You can also use package managers to install software from source code `COPY`ied into the image (see \ruleref{rule:mount}).
Finally, you can use many package managers to install software from source obtained from external code management repositories, e.g., installing a tool from a specific version tag or commit hash.
Be aware of the risk that such installations may later fail, especially when the external repositories are out of your control.

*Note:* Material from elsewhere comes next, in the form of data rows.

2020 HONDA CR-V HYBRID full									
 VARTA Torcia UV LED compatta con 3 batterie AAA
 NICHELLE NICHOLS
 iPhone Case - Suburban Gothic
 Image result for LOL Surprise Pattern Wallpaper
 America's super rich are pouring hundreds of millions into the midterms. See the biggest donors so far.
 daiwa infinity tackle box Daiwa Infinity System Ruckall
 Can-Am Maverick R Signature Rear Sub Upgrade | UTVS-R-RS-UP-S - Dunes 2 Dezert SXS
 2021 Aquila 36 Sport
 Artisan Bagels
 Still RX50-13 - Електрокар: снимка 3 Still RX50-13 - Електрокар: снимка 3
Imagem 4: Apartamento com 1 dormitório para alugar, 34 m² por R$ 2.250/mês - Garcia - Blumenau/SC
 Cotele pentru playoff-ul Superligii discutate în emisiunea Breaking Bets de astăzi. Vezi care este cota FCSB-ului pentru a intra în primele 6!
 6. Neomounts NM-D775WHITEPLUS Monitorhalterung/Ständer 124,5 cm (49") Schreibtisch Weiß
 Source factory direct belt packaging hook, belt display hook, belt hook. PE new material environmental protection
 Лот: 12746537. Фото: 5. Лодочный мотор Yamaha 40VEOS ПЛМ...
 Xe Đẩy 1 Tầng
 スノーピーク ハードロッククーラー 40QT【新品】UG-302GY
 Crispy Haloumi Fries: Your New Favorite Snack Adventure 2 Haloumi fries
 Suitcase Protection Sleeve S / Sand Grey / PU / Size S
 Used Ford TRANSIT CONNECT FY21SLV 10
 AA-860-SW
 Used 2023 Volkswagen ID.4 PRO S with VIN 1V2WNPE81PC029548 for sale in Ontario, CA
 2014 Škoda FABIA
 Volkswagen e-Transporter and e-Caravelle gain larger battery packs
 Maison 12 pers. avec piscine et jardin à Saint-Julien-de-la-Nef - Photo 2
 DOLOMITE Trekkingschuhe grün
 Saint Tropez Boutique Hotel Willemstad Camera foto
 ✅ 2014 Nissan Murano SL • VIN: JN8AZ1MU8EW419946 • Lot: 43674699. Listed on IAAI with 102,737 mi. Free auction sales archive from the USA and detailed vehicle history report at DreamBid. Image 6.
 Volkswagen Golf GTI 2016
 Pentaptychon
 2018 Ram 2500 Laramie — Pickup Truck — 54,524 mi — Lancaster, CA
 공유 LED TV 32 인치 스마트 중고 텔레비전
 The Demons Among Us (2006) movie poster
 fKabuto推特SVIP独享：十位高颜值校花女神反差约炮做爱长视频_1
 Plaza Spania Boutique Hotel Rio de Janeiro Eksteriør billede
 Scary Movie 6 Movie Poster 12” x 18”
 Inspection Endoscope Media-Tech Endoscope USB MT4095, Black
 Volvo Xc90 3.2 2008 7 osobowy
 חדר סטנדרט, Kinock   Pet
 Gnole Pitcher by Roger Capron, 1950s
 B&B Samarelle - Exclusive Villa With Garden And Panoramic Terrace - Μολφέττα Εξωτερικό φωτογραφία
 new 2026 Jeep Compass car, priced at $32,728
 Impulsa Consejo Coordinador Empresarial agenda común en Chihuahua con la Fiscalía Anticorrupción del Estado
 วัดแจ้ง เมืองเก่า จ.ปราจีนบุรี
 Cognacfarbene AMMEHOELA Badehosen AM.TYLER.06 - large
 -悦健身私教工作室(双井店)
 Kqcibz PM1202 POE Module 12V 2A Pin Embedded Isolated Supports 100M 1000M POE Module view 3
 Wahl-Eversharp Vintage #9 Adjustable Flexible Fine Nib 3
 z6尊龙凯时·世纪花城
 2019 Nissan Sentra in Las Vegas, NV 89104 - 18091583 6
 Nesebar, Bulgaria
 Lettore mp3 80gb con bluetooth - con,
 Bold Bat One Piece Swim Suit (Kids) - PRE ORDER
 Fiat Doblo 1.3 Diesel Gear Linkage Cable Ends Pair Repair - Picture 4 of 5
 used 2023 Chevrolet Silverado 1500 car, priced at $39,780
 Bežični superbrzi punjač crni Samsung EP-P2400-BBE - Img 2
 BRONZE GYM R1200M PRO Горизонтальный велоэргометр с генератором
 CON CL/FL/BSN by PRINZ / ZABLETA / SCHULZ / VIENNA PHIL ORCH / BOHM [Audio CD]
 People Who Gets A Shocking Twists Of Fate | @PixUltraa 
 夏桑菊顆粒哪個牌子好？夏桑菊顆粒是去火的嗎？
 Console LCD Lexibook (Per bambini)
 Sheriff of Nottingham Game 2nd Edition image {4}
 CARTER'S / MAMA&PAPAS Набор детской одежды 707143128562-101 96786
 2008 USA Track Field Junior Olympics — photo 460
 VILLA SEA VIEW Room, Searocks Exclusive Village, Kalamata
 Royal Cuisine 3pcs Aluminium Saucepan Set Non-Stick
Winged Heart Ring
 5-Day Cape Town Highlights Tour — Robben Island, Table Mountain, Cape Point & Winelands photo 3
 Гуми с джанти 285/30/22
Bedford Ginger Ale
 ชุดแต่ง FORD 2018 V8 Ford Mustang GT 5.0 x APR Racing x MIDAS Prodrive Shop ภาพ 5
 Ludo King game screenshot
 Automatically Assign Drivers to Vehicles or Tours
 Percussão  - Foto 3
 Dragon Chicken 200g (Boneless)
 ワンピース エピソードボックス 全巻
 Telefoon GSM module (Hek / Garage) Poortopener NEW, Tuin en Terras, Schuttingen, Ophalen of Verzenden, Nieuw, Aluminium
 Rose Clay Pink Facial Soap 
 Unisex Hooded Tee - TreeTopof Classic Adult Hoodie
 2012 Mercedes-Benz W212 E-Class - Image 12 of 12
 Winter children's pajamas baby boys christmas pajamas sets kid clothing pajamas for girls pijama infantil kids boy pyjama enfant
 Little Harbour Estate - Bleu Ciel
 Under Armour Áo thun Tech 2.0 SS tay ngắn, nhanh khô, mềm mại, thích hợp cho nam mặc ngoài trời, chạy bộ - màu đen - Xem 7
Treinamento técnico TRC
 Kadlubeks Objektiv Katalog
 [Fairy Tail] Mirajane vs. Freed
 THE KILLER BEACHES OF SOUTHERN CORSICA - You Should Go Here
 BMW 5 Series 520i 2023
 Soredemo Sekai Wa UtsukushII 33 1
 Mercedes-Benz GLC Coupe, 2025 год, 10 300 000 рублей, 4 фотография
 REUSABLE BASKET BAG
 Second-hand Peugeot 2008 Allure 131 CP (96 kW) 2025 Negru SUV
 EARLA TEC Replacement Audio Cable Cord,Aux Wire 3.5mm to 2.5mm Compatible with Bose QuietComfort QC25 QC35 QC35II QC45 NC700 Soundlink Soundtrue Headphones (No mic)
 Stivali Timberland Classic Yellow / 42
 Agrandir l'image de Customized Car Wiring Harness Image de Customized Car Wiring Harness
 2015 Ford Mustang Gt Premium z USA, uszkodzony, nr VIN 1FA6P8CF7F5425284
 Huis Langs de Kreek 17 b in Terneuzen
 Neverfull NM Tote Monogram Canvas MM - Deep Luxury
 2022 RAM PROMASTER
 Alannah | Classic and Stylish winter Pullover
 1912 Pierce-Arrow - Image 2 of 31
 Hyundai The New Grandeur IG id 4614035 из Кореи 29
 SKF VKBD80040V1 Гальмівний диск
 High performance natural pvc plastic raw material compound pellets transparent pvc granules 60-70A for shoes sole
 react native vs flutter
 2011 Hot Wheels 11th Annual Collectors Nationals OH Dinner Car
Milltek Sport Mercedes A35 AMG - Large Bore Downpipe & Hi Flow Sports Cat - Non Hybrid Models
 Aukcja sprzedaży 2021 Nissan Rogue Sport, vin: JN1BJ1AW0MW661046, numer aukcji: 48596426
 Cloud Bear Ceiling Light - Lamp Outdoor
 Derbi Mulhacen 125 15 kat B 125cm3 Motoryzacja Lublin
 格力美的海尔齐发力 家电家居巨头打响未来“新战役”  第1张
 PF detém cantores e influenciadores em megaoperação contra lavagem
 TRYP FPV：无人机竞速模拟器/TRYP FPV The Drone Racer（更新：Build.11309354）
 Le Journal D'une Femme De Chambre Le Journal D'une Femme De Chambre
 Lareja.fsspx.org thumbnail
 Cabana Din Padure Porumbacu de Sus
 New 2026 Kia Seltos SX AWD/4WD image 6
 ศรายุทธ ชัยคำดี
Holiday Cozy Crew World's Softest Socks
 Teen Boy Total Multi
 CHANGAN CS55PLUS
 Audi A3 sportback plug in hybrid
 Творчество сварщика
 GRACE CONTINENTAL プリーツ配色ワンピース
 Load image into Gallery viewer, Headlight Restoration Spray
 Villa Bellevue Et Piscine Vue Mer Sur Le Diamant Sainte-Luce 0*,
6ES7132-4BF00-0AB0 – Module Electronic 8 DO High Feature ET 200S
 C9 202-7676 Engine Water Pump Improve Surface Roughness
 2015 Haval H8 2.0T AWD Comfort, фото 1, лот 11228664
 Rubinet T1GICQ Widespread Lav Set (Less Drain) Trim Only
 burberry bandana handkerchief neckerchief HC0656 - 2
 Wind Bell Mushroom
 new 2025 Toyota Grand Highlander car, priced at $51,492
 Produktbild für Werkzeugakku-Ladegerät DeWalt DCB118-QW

However, these concerns can be mitigated by running the installation command with the full URL (including the specific version tag or commit hash), which is helpful in troubleshooting if problems arise.
The version pinning capabilities of these file formats and package managers are described in their respective documentation.
As a final note on software installation, you should be aware of the [`USER` instruction](https://docs.docker.com/engine/reference/builder/#user) in a `Dockerfile` and how your base image might change the user for particular instructions, restricting which commands can be run within the container.
It is common to use images with the default user `root`, which is required for installing system dependencies.
However you may encounter base images running as a non-root user (e.g., in the Jupyter and Rocker image stacks) in order to avoid permission problems when mounting files into the container, especially for "output" files (see \ruleref{rule:mount}).
We recommend ensuring that the image works without specifying any users, and, if your image deviates from that, we suggest you document it precisely.
# Rule 6: Use version control {-}
\rulelabel{6}{rule:publish}
As plain text files, `Dockerfile`s are well suited for use with version control systems.
Including a `Dockerfile` alongside your code and data is an effective way to consistently build your software, to show visitors to the repository how it is built and used, to solicit feedback and collaborate with your peers, and to increase the impact and sustainability of your work (cf. @emsley_framework_2018).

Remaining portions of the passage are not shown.